As potential crises become more complex, there is, nevertheless, a case against being excessively risk-averse: facing uncertainty, there is the possibility that the instinctive response is to defer big investment decisions, especially ones involving capital and people. Such behaviour from companies and investors can dampen dynamism in some economies. Taking a look at the bigger picture may offer some understanding for business leaders’ reluctance to invest in risk management strategies: fewer businesses have been going bust. Until recently, such bankruptcies in the US, UK and Europe were running significantly below historical averages.

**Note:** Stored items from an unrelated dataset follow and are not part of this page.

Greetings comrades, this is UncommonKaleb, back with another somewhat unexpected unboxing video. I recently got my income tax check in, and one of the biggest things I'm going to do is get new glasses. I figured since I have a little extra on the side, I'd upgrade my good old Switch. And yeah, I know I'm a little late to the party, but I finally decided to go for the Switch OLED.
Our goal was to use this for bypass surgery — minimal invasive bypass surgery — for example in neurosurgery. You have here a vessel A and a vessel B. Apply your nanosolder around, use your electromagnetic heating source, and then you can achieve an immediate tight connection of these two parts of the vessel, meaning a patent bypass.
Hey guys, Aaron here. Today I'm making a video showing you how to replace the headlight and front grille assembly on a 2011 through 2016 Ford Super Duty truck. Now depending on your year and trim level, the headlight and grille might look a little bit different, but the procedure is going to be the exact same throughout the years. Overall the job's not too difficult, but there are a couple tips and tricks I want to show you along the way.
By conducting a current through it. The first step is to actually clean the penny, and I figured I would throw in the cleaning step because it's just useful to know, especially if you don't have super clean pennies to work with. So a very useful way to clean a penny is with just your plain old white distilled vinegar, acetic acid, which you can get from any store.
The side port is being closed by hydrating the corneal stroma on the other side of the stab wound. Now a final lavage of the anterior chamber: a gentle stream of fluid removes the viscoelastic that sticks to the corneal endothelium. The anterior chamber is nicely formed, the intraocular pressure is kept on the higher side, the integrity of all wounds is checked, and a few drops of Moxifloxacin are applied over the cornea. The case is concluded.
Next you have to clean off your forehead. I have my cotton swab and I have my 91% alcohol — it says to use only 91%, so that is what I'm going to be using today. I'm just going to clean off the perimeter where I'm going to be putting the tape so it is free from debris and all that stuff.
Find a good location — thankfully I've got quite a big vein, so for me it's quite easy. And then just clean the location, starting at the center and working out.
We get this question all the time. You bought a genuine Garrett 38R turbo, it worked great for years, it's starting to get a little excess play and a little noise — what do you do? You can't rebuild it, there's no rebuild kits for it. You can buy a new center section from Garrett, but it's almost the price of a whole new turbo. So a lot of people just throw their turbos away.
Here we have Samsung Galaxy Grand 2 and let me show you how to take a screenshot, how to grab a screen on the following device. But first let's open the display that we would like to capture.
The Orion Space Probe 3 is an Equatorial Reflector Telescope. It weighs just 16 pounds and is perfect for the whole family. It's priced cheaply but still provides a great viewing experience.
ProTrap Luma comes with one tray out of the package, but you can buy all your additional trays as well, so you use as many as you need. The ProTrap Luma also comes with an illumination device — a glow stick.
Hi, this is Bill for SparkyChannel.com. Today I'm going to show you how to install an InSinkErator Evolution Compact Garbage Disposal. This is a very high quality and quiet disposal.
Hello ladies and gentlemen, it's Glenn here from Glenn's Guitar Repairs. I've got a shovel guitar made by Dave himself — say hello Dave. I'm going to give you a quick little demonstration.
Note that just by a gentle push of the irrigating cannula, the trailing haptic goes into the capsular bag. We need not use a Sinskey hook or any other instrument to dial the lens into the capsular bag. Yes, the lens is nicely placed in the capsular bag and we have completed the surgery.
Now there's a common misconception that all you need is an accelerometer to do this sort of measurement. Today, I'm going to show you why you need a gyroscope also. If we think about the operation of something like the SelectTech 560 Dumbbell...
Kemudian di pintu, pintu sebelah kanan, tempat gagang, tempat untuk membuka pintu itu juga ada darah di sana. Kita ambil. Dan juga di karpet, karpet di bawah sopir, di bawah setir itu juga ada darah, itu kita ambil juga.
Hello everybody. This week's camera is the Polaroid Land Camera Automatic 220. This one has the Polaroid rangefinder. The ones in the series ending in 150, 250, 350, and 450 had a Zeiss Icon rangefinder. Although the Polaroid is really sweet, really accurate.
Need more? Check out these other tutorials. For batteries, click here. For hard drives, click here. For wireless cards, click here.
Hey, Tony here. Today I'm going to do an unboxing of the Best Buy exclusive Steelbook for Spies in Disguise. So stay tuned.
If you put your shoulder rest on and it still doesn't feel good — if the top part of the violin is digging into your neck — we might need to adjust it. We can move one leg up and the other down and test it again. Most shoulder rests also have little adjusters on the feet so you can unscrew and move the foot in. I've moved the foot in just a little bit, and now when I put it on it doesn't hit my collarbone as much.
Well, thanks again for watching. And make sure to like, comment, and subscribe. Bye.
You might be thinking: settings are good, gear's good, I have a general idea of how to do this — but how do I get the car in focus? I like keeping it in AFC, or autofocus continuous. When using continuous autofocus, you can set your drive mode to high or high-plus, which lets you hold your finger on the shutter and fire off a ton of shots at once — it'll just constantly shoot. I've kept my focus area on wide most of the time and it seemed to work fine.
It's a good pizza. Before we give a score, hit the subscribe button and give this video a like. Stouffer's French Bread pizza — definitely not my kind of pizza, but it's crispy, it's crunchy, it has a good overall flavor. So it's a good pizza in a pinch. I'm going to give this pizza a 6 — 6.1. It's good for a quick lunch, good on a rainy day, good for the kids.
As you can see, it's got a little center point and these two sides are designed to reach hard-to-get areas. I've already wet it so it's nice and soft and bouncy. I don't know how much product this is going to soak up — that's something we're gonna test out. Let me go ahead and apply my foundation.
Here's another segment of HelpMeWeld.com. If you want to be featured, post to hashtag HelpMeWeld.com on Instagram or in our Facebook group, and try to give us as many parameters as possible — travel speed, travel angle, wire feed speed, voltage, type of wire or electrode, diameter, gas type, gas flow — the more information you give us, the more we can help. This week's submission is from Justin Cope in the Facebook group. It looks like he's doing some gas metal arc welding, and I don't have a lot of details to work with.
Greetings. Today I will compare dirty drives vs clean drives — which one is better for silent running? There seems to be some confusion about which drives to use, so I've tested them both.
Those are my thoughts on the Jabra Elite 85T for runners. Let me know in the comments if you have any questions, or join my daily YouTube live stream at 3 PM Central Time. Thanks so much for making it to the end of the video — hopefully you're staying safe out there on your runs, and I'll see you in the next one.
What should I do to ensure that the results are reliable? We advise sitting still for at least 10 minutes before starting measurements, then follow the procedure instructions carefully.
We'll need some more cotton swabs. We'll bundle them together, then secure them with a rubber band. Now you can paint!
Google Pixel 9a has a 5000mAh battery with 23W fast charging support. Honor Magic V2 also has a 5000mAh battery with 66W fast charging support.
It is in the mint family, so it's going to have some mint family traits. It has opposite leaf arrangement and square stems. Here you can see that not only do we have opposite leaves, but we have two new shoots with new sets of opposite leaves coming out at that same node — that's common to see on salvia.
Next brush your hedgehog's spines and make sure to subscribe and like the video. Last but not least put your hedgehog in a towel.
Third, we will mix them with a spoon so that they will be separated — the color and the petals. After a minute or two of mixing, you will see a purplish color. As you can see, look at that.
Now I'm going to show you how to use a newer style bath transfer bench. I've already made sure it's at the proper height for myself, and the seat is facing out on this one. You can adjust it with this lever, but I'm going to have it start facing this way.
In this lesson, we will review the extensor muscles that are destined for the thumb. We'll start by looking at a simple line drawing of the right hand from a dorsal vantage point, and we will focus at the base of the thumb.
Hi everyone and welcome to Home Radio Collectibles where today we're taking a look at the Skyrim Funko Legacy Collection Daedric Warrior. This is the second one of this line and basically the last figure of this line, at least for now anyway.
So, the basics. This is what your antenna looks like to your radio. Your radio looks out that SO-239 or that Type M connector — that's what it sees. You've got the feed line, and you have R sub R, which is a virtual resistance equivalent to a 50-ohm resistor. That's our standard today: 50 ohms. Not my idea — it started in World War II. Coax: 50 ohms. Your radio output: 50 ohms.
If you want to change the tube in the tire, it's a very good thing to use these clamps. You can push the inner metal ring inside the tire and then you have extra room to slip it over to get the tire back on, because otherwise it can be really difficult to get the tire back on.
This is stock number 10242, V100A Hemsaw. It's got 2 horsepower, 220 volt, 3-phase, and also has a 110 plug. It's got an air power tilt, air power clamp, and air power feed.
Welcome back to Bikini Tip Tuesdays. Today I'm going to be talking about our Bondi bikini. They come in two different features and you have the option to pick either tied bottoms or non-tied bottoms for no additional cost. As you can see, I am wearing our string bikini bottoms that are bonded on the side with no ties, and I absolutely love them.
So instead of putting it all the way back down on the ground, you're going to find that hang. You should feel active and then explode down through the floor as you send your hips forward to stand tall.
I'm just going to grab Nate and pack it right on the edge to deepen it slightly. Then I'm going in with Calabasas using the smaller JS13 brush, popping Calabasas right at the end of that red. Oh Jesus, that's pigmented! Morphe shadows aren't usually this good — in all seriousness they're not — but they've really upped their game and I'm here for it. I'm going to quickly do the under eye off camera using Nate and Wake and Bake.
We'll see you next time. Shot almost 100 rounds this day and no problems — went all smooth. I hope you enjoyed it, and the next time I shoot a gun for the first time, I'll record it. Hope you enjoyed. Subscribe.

This can be paired with a sensible and robust approach to planning, however. It is a lesson that western companies could learn from their counterparts in emerging economies, where managing turmoil, turbulence and volatility has long been an important part of business operations. Andriole believes this will be inevitable. “If you believe that the number of crises is going to increase over time, as the world gets more complex and as we see climate crises occur – now all over the world – then the requirement to build these crisis management plans will skyrocket.

“We have seen that over the past three-to-five years. But what companies do best is they wait for a terrible event to occur, then they respond socially, economically and politically. I don’t see that changing.”